Even the large army of Java developers that are versed in SQL face challenges with Hadoop. That is because it does not use SQL, except via associated tools such as Hive.
"Hadoop has a tool that helps with the context shift, and that is Hive. That works fairly well, but it is not always a clean transition," said Paul Dix, CEO and founder of Errplane, a New York City consultancy and maker of application monitoring software, and member of the New York Hadoop User Group.
Mixing Java skills and SQL add-ons does not assure Hadoop success either, according to Dix. A stellar Java developer may fail in deploying the Google-originated MapReduce model, often associated with Hadoop. MapReduce distills Hadoop-processed data into more easily useable subsets.
MapReduce: Low-hanging fruit of the Hadoop kind
"Most Java developers face issues in how they think about processing data into the MapReduce paradigm. They have to learn how to write MapReduce code to work with Hadoop. They have to learn to structure the problem correctly," Dix said.
Learning how to write MapReduce code to work with Hadoop to count words in text files is a first assignment for many Google developers, said Dix, himself a former Google software engineering intern.
Finding a good starting point for the would-be Hadoop development team is key. One potential development project to start: putting log files into a Hadoop cluster and then applying MapReduce to that data to find out, for example, the number of unique visitors to a webpage, response time or the number of errors thrown for a Web application.
"I would say that is the low-hanging fruit," said Dix, an Addison-Wesley author who recently presented online classes on working with big data.
Slam dunk and Hadoop
The MapReduce avenue is not the only one. "There are a lot of ways to do Hadoop without writing MapReduce programs from scratch," said Paul Mackles, senior manager of software architecture at Adobe Systems Inc., based in San Jose, Calif., who pointed to Hive and other approaches. But Hive, too, brings complications.
Hive converts SQL-like statements into MapReduce programs, but as with other query systems, tuning is often required to gain the best available performance. Data joins are "not its strong suit," according to Mackles, who spoke at TDWI's BI Executive Summit 2013 this month in Las Vegas. Performance can falter for other reasons, as Hive is batch-only and working with MapReduce incurs startup costs on processing jobs, and subsequent processing overhead once jobs are running, Mackles said.
Among Hadoop ''gotchas" are some that are operational and intrinsic. The Hadoop file system is not Posix-compliant, so the practices for mounting the file system are less widely known. Hadoop splits up files into manageable units for parallel processing, but the development or operations team members sometimes have to "think about how [they] split up and compress files," he said.
For getting started in learning Hadoop, Mackles said it is valuable to pick easier, manageable projects first.

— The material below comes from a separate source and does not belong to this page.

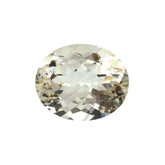 YELLOW BERYL CUT OVAL (LITE) 12.00X10.00 MM 4.60 Cts.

Mackles included parking files, Hive aggregation and experimentation as "slam dunk use cases" for Hadoop, while noting that operational applications that strive for quick, real-time performance are not good first stops.
Mackles enumerated a long list of interesting tools being created to help Hadoop users over the hump. These include YARN, Impala, HCatalog and Hadoop 2.0, which is in alpha release, and, in Mackles' words, "represents a major shift toward real time." They may all help, but navigating the vast new base of tools for Hadoop is one of the first problems that implementers face.